Explore how to effectively use the Power Earnings Gap Screener in TradingView to capitalize on strong earnings reports. This tool highlights significant earnings gaps with high trading volume, offering advanced insights for traders. A Power Earnings Gap occurs when a company’s earnings report surpasses expectations, leading to a notable price jump—typically eight to ten percent or more—and high trading volume. These gaps indicate institutional participation and often involve price breakouts to new highs and positive earnings surprises.
Setting Up the Screener
Begin by accessing the Indicators in TradingView, selecting the Power Earnings Gap Screener. Add it to your favorites. Choose a watchlist, such as the S&P 500, and configure the settings for optimal results. Search historically from one to 90 days, set your preferred minimum price gap, a minimum volume % change, and opt for at least a 1% positive earnings surprise.
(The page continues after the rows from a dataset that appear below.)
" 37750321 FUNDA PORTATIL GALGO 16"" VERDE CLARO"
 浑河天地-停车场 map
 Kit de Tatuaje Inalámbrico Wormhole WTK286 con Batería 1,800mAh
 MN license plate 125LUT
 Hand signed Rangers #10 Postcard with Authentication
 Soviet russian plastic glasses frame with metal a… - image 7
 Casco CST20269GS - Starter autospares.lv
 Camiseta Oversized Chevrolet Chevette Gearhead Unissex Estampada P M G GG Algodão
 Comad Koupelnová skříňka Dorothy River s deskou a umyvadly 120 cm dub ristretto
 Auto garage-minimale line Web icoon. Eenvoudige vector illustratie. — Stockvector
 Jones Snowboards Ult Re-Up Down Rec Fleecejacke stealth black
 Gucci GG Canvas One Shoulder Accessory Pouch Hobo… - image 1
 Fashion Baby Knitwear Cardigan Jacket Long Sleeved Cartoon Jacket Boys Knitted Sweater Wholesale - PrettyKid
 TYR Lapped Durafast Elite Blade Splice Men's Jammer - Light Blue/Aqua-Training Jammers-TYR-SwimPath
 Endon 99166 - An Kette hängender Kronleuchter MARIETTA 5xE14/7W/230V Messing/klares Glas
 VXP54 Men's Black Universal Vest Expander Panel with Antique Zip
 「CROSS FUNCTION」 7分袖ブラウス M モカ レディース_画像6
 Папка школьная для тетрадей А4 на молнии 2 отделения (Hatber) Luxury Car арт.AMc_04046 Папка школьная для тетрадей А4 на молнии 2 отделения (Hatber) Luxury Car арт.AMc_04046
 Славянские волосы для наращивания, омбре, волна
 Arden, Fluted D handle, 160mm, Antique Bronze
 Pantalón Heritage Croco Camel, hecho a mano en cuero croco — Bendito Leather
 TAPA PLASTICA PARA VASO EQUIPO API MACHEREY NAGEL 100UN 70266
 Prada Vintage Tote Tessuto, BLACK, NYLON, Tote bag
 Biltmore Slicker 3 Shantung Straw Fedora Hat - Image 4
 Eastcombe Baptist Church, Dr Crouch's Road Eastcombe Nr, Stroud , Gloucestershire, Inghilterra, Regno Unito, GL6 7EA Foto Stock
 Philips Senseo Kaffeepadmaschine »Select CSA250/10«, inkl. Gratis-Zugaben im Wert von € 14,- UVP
Running the Scan and Analyzing Results
After setup, activate the screener and run the scan. You’ll get a list of symbols meeting your criteria. Organize these by flagging them for easier analysis. Review how previous gaps influenced price trends, such as stocks continuing upward or finding support at previous lows.
Conclusion
The Power Earnings Gap Screener is an excellent tool for identifying promising trading opportunities through earnings data. Try adjusting the settings to discover potential breakout stocks. Happy trading!